Every UAB employee is a VIP when they are a patient of UAB Women and Infants Services, says Madonna Nichols and the group’s nursing staff.

Cheryl Smith, a registered nurse in Women and Infants Services, goes over a feeding schedule for newborn Jayden Richards with mom Kara Richards.

“We’re constantly exploring ways to make our service of greater value,” says Nichols, director of Women and Infants Services. “Part of what we’re here for is to provide our patients a better experience than they could receive at a private hospital. Everyone knows we’ve got the best technical expertise at UAB, but we also provide the touching care every woman and family desires.”

Freda Centor, coordinator of parent and patient information, puts it this way: “We have the touch and the tech,” she says.

One of the ways Women and Infants Services is providing more for all of its patients is by making an even greater commitment to high-quality patient care.

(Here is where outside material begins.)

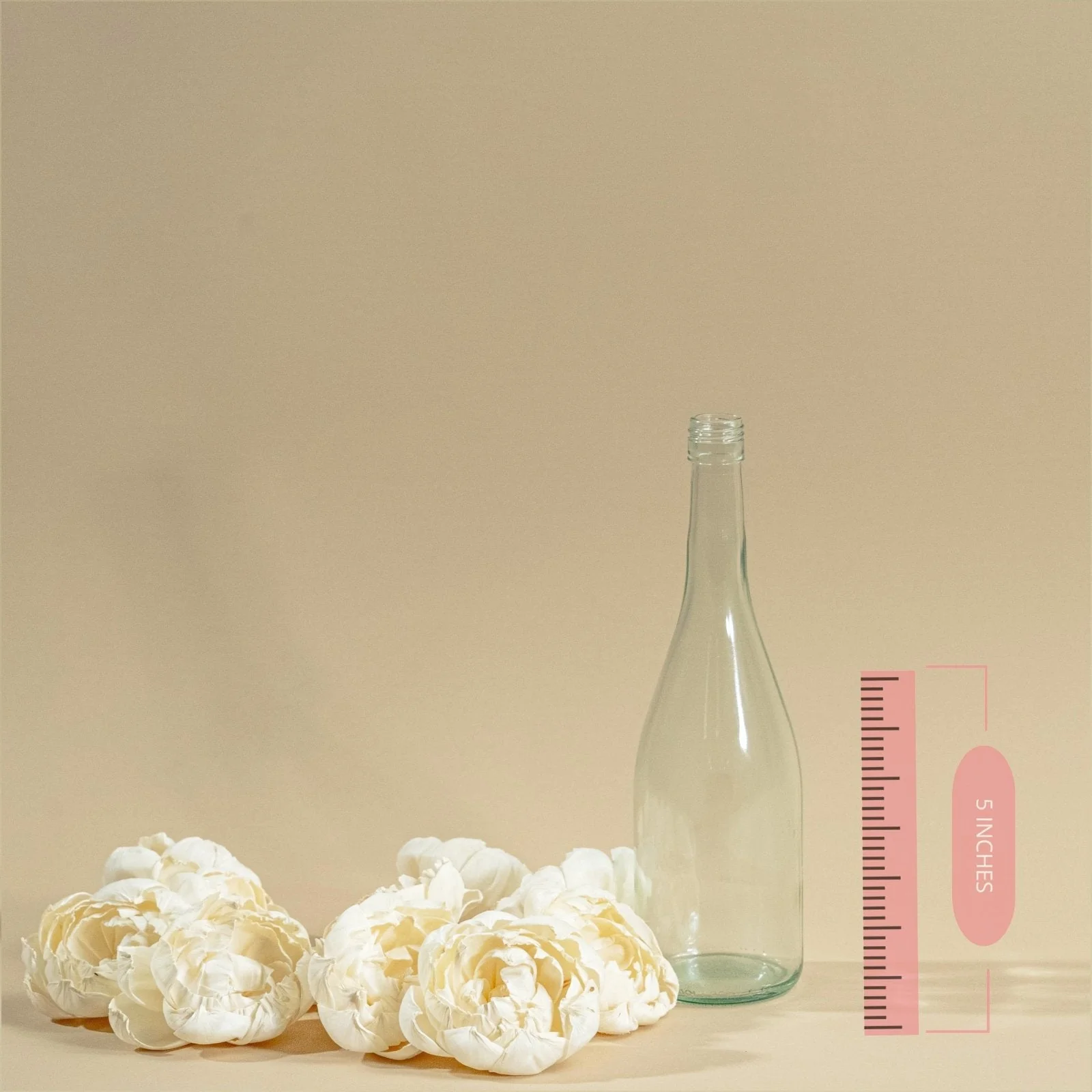 4" Dorothy (10 Pack) - Image 2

An example of that endeavor is the current training of every nurse and patient care technician to become Breastfeeding Educators. More than 60 percent of the nurses and PCTs already have undergone the two-day training to become educators, meaning that mothers who need guidance learning to breastfeed can find the help they need any time of the day or night.

Nichols says every nurse should be a breastfeeding educator by the end of 2007.

“We really took a hard and critical look at our lactation program and decided we’d rather have 500 folks who have all the information they need to support the mom, instead of just a few,” Nichols says. “We want the bedside nurse to be able to get the mom going, give her the initial guidance and support. Then we have lactation consultants available to help, as well.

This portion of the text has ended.